ふと、目の前に見知った顔を見つけた。あれは、あの藍色の髪の少女は。
「蓮?」
「……」
少女は黙ってなずく。やっぱり、あれは16歳の蓮だ。
「待って、蓮!聞きたいことが!」
「……」
蓮は黙ってビルの隣を指さした。そこにはエーテルノイドの木が生えていて、中に何か黒いものが見えた。エーテルノイドの木の色が青ではなく、赤く輝いている。

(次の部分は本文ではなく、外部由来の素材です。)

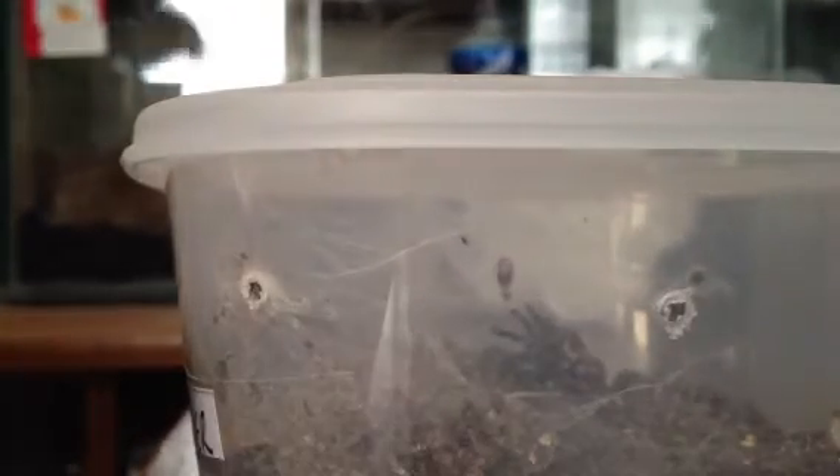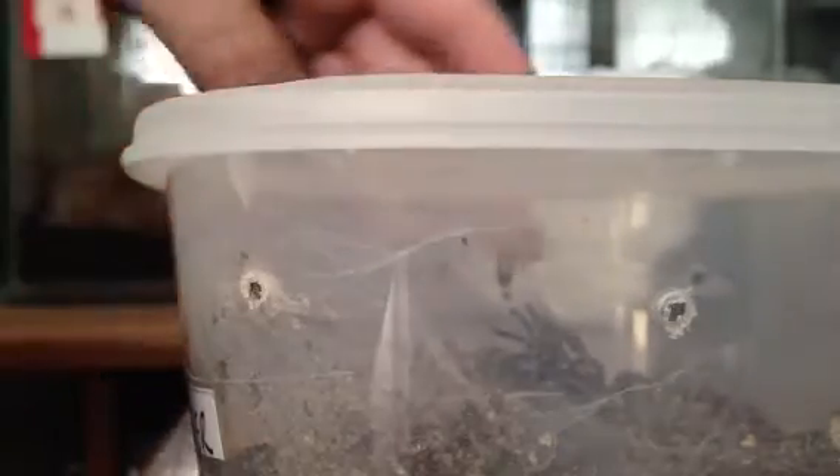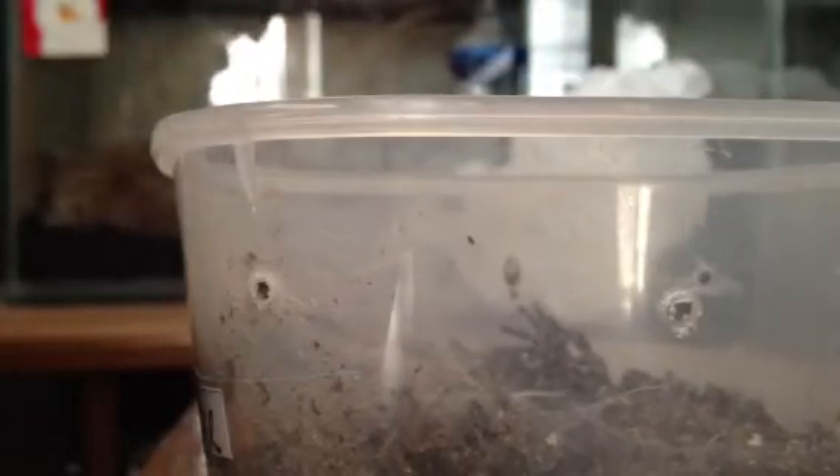Hi guys, Ahikin here. I thought I'd do another quick video — I've just come upstairs and noticed my Java Earth Tiger has just molted. I'm going to just take the lid off. It looks like it's just freshly molted.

あれは、一体、何なのだ。
よく目を凝らすとボディに走るあの赤と白の線、黒い尾のような電源ケーブルから、XAAG2-007だと分かる。まさか、私の異世界転生ボーナスが、あれなのか。でも、あれがあれば、私でもバイタルバグと戦えるかもしれない。
「蓮、どうしてあれが!」
蓮に呼びかけたが、いつの間にか彼女はいなくなっていた。彼女には、色々と聞きたいことがあったが、今はまだその時では無いようだ。一先ず、赤いエーテルノイドの林を調べるより、煌をシェルターに連れていくことが先決だ。
道路の脇に、シェルターが見えた。分厚い扉が開いていて、壮年の男性が中に入れと呼びかけている。
「君、先にシェルターに行ってて」
「……君は?」
「私はまだ、やることがあるから。ほら、早く行かないと、閉まっちゃうよ!」
無理やり、煌の背中を押し出して、シェルターに歩かせた。それを見て、男性が煌に声をかけて、近づいてくる。ここに居たら、私も連れていかれるし、それは困るので離れた。
「ごめん」
煌の両親の事は、もう取り返せない。これ以上、誰かを喪うことが無いように、行くしかない。死ぬ未来を変えるために、私ができることをやるんだ。手が届くなら、掴み取るしかない。
煌がシェルターに入るのを見届けるなり、7号機の待つ林へ走って向かった。